Listed records:
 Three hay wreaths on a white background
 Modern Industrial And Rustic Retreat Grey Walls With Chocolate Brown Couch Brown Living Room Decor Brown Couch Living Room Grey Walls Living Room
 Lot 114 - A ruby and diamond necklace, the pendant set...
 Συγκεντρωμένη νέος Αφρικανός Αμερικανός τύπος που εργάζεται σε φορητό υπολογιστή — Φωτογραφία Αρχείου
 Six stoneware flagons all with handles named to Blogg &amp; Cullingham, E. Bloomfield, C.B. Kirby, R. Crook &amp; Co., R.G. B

--

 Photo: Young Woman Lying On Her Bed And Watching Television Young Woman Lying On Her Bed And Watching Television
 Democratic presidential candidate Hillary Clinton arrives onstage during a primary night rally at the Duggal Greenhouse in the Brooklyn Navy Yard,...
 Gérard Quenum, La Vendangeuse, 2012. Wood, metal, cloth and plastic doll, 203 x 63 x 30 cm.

Try it: Look back at the data above. Transcribe exactly the lines starting at the line that contains "Three hay wreaths on a white background" and ending at the line that contains "Συγκεντρωμένη νέος Αφρικανός".

Result:
 Three hay wreaths on a white background
 Modern Industrial And Rustic Retreat Grey Walls With Chocolate Brown Couch Brown Living Room Decor Brown Couch Living Room Grey Walls Living Room
 Lot 114 - A ruby and diamond necklace, the pendant set...
 Συγκεντρωμένη νέος Αφρικανός Αμερικανός τύπος που εργάζεται σε φορητό υπολογιστή — Φωτογραφία Αρχείου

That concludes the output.